Ao todo, foram enviadas 21.095 recomendações a um
comitê. Destas, 2.000 foram implementadas, o que levou a uma
economia de até R$ 100 milhões por ano.
Como forma de
gratificação, cada um dos 37 mil funcionários
do banco recebeu R$ 800. Os mentores das cem melhores idéias
tiveram um bônus de R$ 1.000, e os 15 finalistas ganharam
a viagem.
"Todas
as empresas deveriam otimizar o capital intelectual de que dispõem
e que já está incluído na folha de pagamento",
afirma Antonio Carlos Teixeira, diretor da Consultoria Pense Diferente."Assim,
a organização pode agregar valor ao processo e ao
produto, além de motivar o colaborador", assegura Ricardo
Farah, professor do Ibmec.
A política
de ouvir os empregados é uma prática antiga nas empresas
que valorizam as sugestões internas. "A grande novidade
é estruturar programas formais para oficializar o reconhecimento
das boas idéias e estabelecer critérios objetivos
de premiação", destaca Carlo Hauschild, diretor
da consultoria Hewitt Associates.
Há um
ano e meio, a Nokia implementou na fábrica em Manaus um programa
de melhoria contínua, no qual os 3.200 colaboradores têm
um papel-chave.
O desafio é trazer inovações com os recursos
já disponíveis, dentro de normas como qualidade, custo,
necessidades do cliente, segurança, ambiente e motivação.
"O que
temos não é um programa de sugestões, mas de
implementação de idéias", diz o chefe
de qualidade, Marcos Nunes.
A fábrica
utiliza 40 novas sugestões por mês, encaminhadas por
times de funcionários. No final do ano, as 12 melhores soluções
são apresentadas e um júri escolhe a equipe que será
brindada com uma viagem.
O último grupo vencedor da campanha da Nokia é formado
por seis funcionários que propuseram alteração
na lente da câmera do celular para melhorar a qualidade da
foto tirada com flash."Sempre que tínhamos uma idéia,
nos reuníamos, no intervalos do expediente ou fora dele",
relata o engenheiro Paulo Maciel, 24, porta-voz do grupo.
Além
de recompensas que materializam a vitória, como viagens,
brindes e dinheiro, há também formas imateriais de
bonificação. "O reconhecimento profissional por
parte da chefia já é um prêmio por si só",
ressalta Teixeira.
"Ser um dos finalistas trouxe a possibilidade de destacar-me
na empresa", recorda Tomao. "Até recebi um telefonema
do diretor-executivo parabenizando-me."
Para as empresas,
mais do que efeitos imediatos, a principal vantagem é poder
criar um ambiente aberto ao diálogo constante.
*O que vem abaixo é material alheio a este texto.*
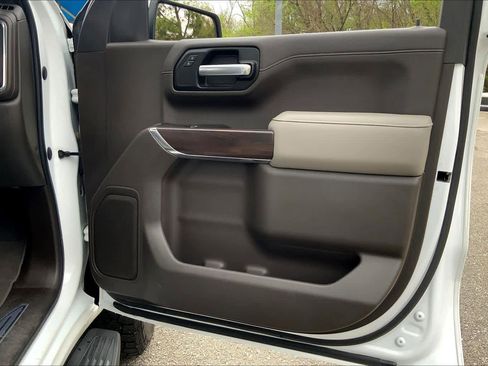 Used 2020 GMC Sierra 1500 SLT w/ SLT Premium Package image 23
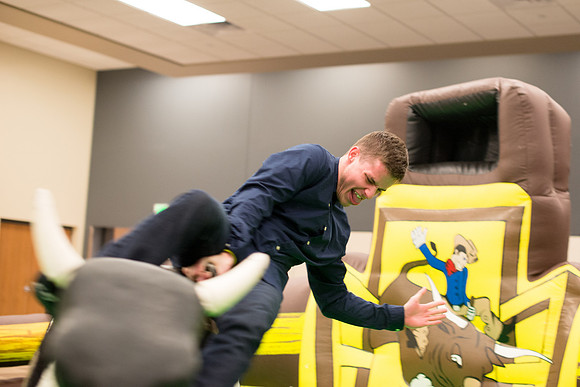 Students kick of the new semester at I-Night.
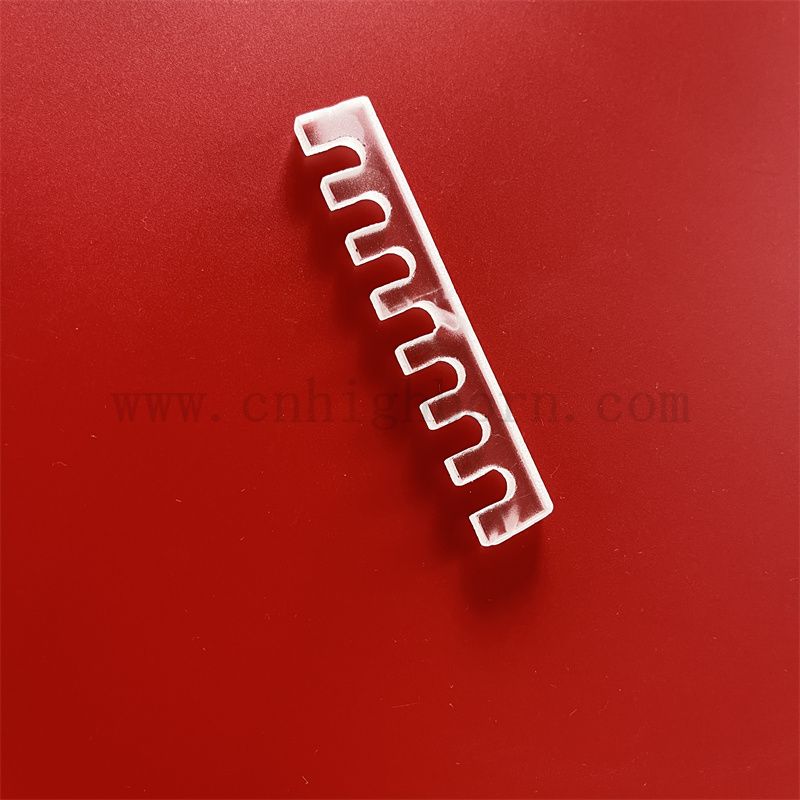 Foglio di vetro di silice rettangolare profonda con foro tagliato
"O maior benefício é promover a cultura participativa,
bem como comprometer o funcionário com os resultados",
destaca Hauschild.
Outro aspecto
está ligado à credibilidade dos programas de sugestões.
Para solicitar a colaboração dos empregados, a companhia
tem de estar madura para receber as idéias, avaliá-las,
dar um "feedback" para o mentor e, se aprovadas, levá-las
a cabo."Caso contrário, cria-se um clima desmotivador
e as promessas tornam-se vazias", alerta Farah.